Henry Ford in Heaven

Henry Ford died and went up to Heaven. Peter was there at the Pearly Gates.

“Name?”

“Ford. Henry Ford.”

“Occupation?”

“Inventor.”

Peter consults his clipboard.

“Right,” he says. “You’re in. Inventors are in 3C. Take the elevator. Third floor, turn right, third on the left.”

Ford finds the right door and goes in.

It’s an inventors paradise. In one corner, Edison is hobnobbing with Galileo. Archimedes is matching wits with Marconi in the center of the room. Anyone who ever invented anything is there.

Then a wild hairy looking guy wearing nothing but a fig-leaf comes up to him.

“You’re new here,” he says to Ford. “Who are you.”

“Ford. Henry Ford.”

“Nice to meet you, Mister Ford. What did you invent?”

“I,” said Ford proudly, “invented the world’s first practical mass-production motor car. Who are you, and what did YOU invent?”

“I’m Adam,” said the wild man. “I invented woman.”
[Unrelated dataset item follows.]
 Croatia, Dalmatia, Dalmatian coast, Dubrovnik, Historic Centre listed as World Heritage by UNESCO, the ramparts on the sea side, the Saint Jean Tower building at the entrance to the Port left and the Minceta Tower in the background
“Ah,” said Ford. “Pleased to meet you. You know, I’ve been wanting to tell the inventor of woman something for a long time. You put the inlet valve too close to the outlet valve.”

Adam considered this for a while.

“Could be,” he conceded. “But there’s still a hell of a lot more people riding my model than riding yours.”

Japanese Banking

Recent reports indicate the Japanese banking crisis shows no signs of improving. If anything, it’s getting worse.
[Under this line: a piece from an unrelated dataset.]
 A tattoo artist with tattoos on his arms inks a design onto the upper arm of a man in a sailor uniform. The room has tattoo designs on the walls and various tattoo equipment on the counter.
Following last week’s news that Origami Bank had folded, it was today learned that Sumo Bank has gone belly up. Bonsai Bank plans to cut back some of its branches. Karaoke Bank is up for sale and is going for a song.

Meanwhile, shares in Kamikaze Bank have nose-dived and 500 jobs at Karate Bank will be chopped. Analysts report that there is something fishy going on at Sushi Bank and staff there fear they may get a raw deal.

Crazy Bats

Two bats were hanging up side down at 2:00 in the morning. One of the bats woke up and whacked his mate in the wing and asked him if he would like to go and get some blood, in which the other bat replied, “Are you crazy? Where the heck are we going to get blood at this hour of the morning?”

The first bat said, “I know just the place, come and I’ll promise you I will find us some blood!”

The 2nd bat bluntly refused, so the first took off to find his blood.

About an hour had past and the bat came back with blood dribbling out of his mouth covering his body and wings. The bat that didn’t go said “You lucky bat, where the heck did you find blood at this hour of the morning?” to which the first replied – “Do you see that tree over there?”

“Yeah, sort of.” he replied

“WELL I DIDN’T!!!!!”

If Cat’s Kept Journals

DAY 752 – My captors continue to taunt me with bizarre little dangling objects. They dine lavishly on fresh meat, while I am forced to eat dry cereal. The only thing that keeps me going is the hope of escape, and the mild satisfaction I get from ruining the occasional piece of furniture. Tomorrow I may eat another house plant.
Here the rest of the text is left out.